Décadas kemudian, pada tahun 1883, Krakatoa kembali menunjukkan kekuatan iklim gunung berapi dengan tsunami dahsyat dan aerosol vulkanik yang menyebar ke seluruh planet. Abad ke-19 masih berada di bawah pengaruh Pequena Idade dari Gelo, periode suhu rata-rata yang lebih rendah dan kemajuan gletser di beberapa bagian Europa dan América dari Norte. Skenario Esse mewakili transisi antara iklim dingin dan periode modern.

Hoje planet ini mengalami percepatan pemanasan yang terutama disebabkan oleh aktivitas manusia. Suhu rata-rata global telah meningkat lebih dari 1°C sejak periode pra-industri, dan beberapa tahun terakhir merupakan suhu terpanas yang pernah tercatat.

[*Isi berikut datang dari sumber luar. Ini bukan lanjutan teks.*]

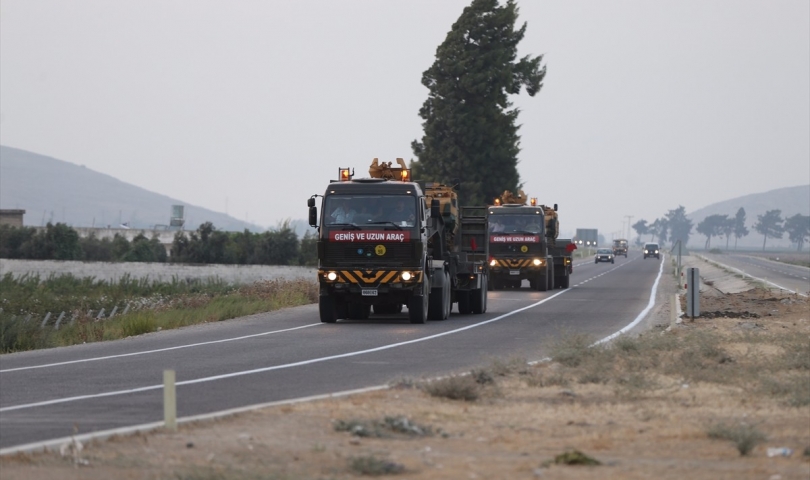 Suriye sınırına askeri araç sevkiyatı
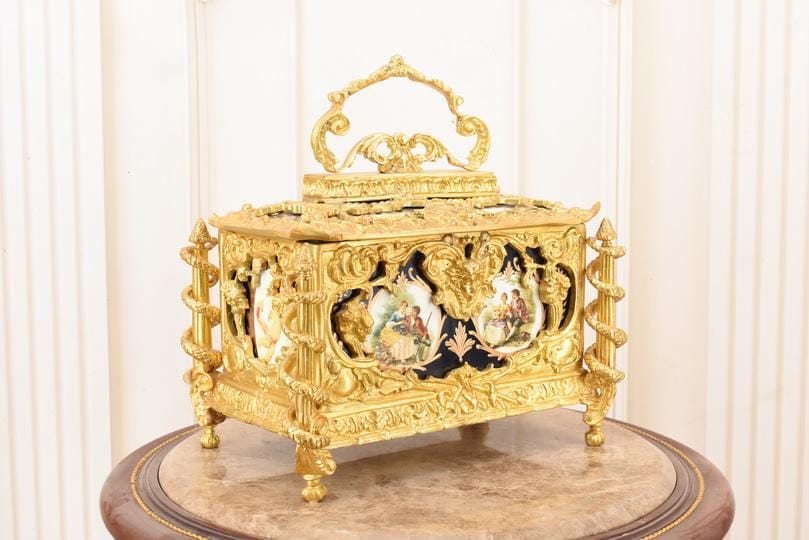 gallery photo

Mesmo Letusan gunung berapi besar yang terjadi saat ini hanya menyebabkan penurunan suhu sementara karena pengaruh pemanasan global sangat dominan. Letusan Monte Pinatubo pada tahun 1991 menurunkan suhu global untuk sementara selama sekitar dua tahun, namun tidak mengubah tren pemanasan jangka panjang di planet ini.

Usar intensitas El Niño tahun 1877 yang paralel langsung dengan tahun 2026 menimbulkan kekhawatiran dan interpretasi yang salah di media sosial. Anomali lautan hanyalah salah satu bagian dari persamaan. Kemajuan yang dicapai dalam 150 tahun tidak memungkinkan bencana tahun 1877 terulang kembali.